In [8]:
import numpy as np
from tensorflow.keras import Input
from tensorflow.keras import regularizers
from tensorflow.keras.models import Sequential
from tensorflow.keras.layers import Dense, Dropout
from tensorflow.keras.constraints import MaxNorm

## Regularization Using the Frobenius Norm

In a neuron network, the weight matrix $W^{\ell}$ for a layer $\ell$ has the following dimensions:

\begin{align*}
\underbrace{W^{\ell}}_{n^{\ell} \times n^{\ell - 1}}
\end{align*}

where 

* $n^{\ell}$ is the number of neurons or units in the current layer $\ell$ 
* $n^{\ell - 1}$ is the number of neurons or units in the input layer $\ell - 1$ for the current layer $\ell$

The bias vector $\vec{b}^{\ell}$ for a layer $\ell$ has the following dimensions:

\begin{align*}
\underbrace{\vec{b}^{\ell}}_{n^{\ell} \times 1}
\end{align*}

The cost function of a neural network is a function of all parameters:

\begin{align*}
J(W^{1}, \vec{b}^{1}, W^{2}, \vec{b}^{2}, ..., W^{\mathcal{L}}, \vec{b}^{\mathcal{L}}) = \frac{1}{m}\sum^{m}_{i=1}L(\hat{y}^{i}, y^{i})
\end{align*}

where $\mathcal{L}$ is the number of layers in the network.

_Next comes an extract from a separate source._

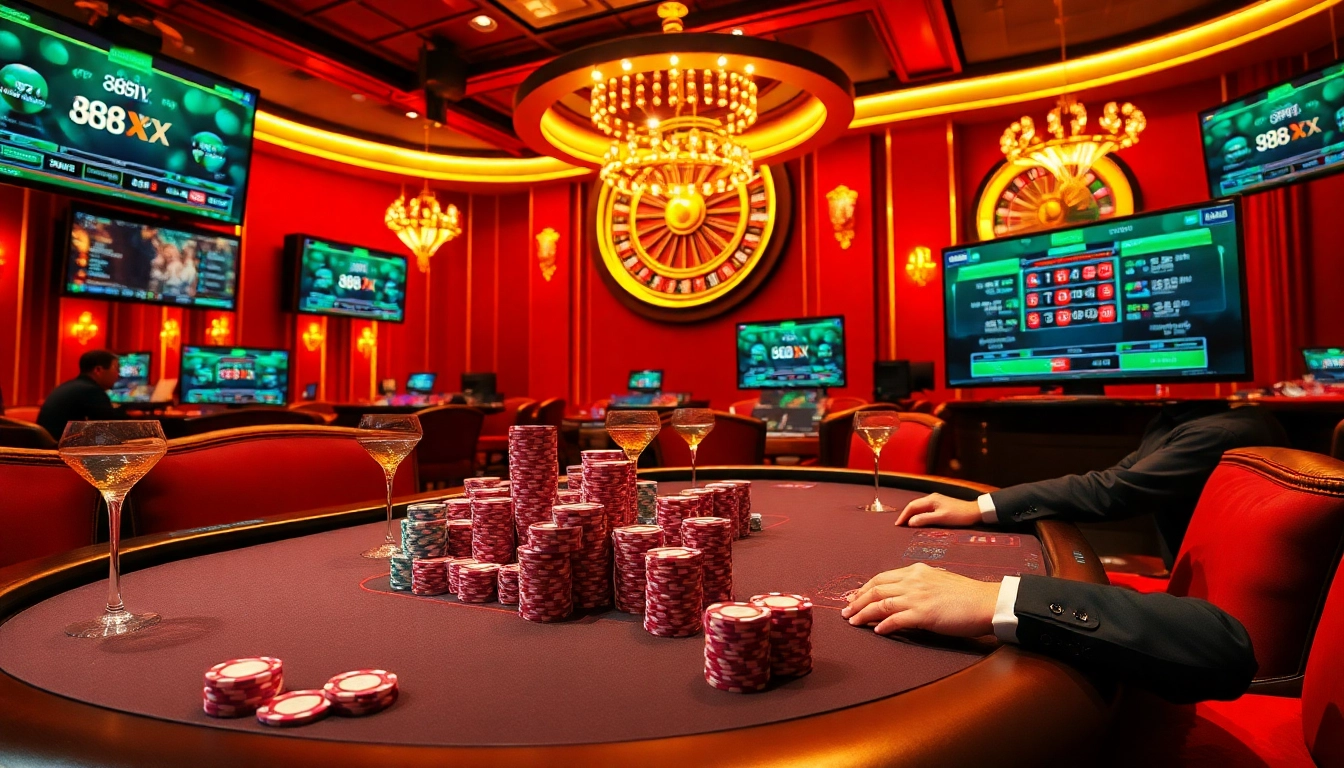 Experience the thrill of 88xx casino with vibrant poker tables, colorful chips, and elegant ambiance.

In words, the cost function is the sum of the losses over all $m$ training example scaled by a factor $\frac{1}{m}$. To regularize the weights, we add an additional term to the equation as follows:

\begin{align*}
J_{\text{regularized}}(W^{1}, \vec{b}^{1}, W^{2}, \vec{b}^{2}, ..., W^{\mathcal{L}}, \vec{b}^{\mathcal{L}}) = \frac{1}{m}\sum^{m}_{i=1}L(\hat{y}^{i}, y^{i}) + \frac{\lambda}{2m}\sum^{\mathcal{L}}_{\ell=1}||W^{\ell}||^{2}
\end{align*}

where 

* $||W^{\ell}||^{2}=\sum^{n^{\ell}}_{i=1}\sum^{\ell - 1}_{j=1} (W^{\ell}_{ij})^2$ is Frobenius norm of the $\ell^{th}$ layer weight matrix

### Gradient Descent Update Rule with Regularization

From backpropagation, we obtain the partial derivatives of the cost function w.r.t each of the weight matrices plus the regularization term:

\begin{align*}
\frac{\partial{J}}{\partial{W^{\ell}}} + \frac{\lambda}{m}W^{\ell}
\end{align*}

The update rule is then:

\begin{align*}
W^{\ell} &:= W^{\ell} - \alpha \big(\frac{\partial{J}}{\partial{W^{\ell}}} + \frac{\lambda}{m}W^{\ell}\big) \\
&:=W^{\ell} - \alpha \frac{\partial{J}}{\partial{W^{\ell}}} \textcolor{blue}{- \frac{\alpha \lambda}{m}W^{\ell}} \\
&:=W^{\ell} \textcolor{blue}{- \frac{\alpha \lambda}{m}W^{\ell}} - \alpha \frac{\partial{J}}{\partial{W^{\ell}}} \\
&:=\textcolor{blue}{(1 - \frac{\alpha \lambda}{m})}W^{\ell} - \alpha \frac{\partial{J}}{\partial{W^{\ell}}} \\
\end{align*}

This is known as "weight decay" since, at each step of the algorithm, the matrix $W^{\ell}$ is shrunk by a factor that is smaller than 1. This factor is the term highlighted in blue.

In [13]:
# The regularization technique formulated above can be implemented in Keras by using the kernel_regularizer parameter of the Dense layer
model_l2_regularize = Sequential(
    [               
        Input(shape=(400,)),   
        Dense(units=25, activation="relu", kernel_regularizer=regularizers.L2(l2=0.01),  use_bias=True, name='layer_1'), # Lambda = 0.01 
        Dense(units=15, activation="relu", kernel_regularizer=regularizers.L2(l2=0.03), use_bias=True, name='layer_2'), # Lambda = 0.03
        Dense(units=1, activation="sigmoid", use_bias=True, name='output_layer')
    ], name = "my_model" 
)   

Alternatively, we can use other types of regularization:

* L1 regularization `regularizers.l1(l1=0.001)`: The cost added is proportional to the absolute value of the weight coefficients (the L1 norm of the weights)
* L2 regularization `regularizers.l1_l2(l1=0.001, l2=0.001)`: The cost added is proportional to the square of the value of the weight coefficients (the L2 norm of the weights).
* Using both L1 and L2 simultaneously.

The lambda values `l1` and `l2` are hyperparameters that we can tune.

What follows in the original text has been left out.